Une forte hausse des grandes crues du Yangtsé
Les chercheurs ont d’abord examiné des enregistrements longs du débit à Datong, une station clé proche de l’embouchure du Yangtsé, de 1960 à 2024. Entre 1960 et 1991, il n’y eut qu’un seul été avec un débit véritablement extrême. De 1992 à 2024, six étés de ce type se sont produits, notamment en 1995, 1996, 1998, 1999, 2016 et 2020, quand des inondations étendues ont affecté des millions de personnes. Les années de très faible débit estival sont également devenues plus fréquentes. Cela montre que le fleuve est devenu plus erratique, avec des fluctuations plus marquées entre hautes et basses eaux.

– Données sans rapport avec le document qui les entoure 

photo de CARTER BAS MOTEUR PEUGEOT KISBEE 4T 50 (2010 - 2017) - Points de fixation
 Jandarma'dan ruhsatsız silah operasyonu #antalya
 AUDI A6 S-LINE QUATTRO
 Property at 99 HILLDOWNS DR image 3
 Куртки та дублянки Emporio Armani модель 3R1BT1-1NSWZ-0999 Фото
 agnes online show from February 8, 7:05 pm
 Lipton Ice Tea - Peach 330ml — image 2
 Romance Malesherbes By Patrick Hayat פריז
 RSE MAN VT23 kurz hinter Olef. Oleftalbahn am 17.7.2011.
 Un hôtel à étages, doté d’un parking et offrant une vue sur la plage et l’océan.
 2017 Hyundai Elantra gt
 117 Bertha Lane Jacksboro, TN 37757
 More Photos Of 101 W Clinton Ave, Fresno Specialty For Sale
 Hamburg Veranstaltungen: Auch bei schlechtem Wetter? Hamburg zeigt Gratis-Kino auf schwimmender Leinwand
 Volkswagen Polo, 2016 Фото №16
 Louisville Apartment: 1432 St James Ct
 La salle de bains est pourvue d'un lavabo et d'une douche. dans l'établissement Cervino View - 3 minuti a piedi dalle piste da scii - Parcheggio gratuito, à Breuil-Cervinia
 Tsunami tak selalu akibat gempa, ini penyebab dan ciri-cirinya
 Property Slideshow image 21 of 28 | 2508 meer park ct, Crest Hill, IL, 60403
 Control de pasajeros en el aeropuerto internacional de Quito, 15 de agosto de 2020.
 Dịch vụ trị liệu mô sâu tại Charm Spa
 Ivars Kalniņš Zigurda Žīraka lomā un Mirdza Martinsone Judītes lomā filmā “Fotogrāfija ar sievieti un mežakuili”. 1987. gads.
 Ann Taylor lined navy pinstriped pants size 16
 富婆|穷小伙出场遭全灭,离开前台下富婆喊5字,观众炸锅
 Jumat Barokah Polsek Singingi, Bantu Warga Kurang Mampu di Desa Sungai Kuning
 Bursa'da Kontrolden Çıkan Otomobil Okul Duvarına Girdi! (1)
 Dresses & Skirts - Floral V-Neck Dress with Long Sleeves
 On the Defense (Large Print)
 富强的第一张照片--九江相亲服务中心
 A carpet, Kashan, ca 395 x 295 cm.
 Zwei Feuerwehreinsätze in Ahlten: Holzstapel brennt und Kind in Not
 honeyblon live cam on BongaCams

Un rythme de deux ans dans la pluie et le débit
Pour comprendre ce changement, l’équipe s’est concentrée sur des variations qui se répètent à peu près tous les un à trois ans, désignées ici simplement comme un rythme de deux ans. Ils ont constaté que ce rythme dans les précipitations estivales sur le bassin du Yangtsé et dans le débit fluvial est devenu environ 50 % plus fort après le début des années 1990. Dans le même temps, un rythme correspondant s’est renforcé dans la hauteur de la surface de la mer dans l’océan Indien tropical, signe d’ondes internes plus actives dans l’océan. Ces oscillations liées suggéraient que des mouvements océaniques lointains pouvaient contribuer à entraîner les variations des précipitations estivales en Asie de l’Est.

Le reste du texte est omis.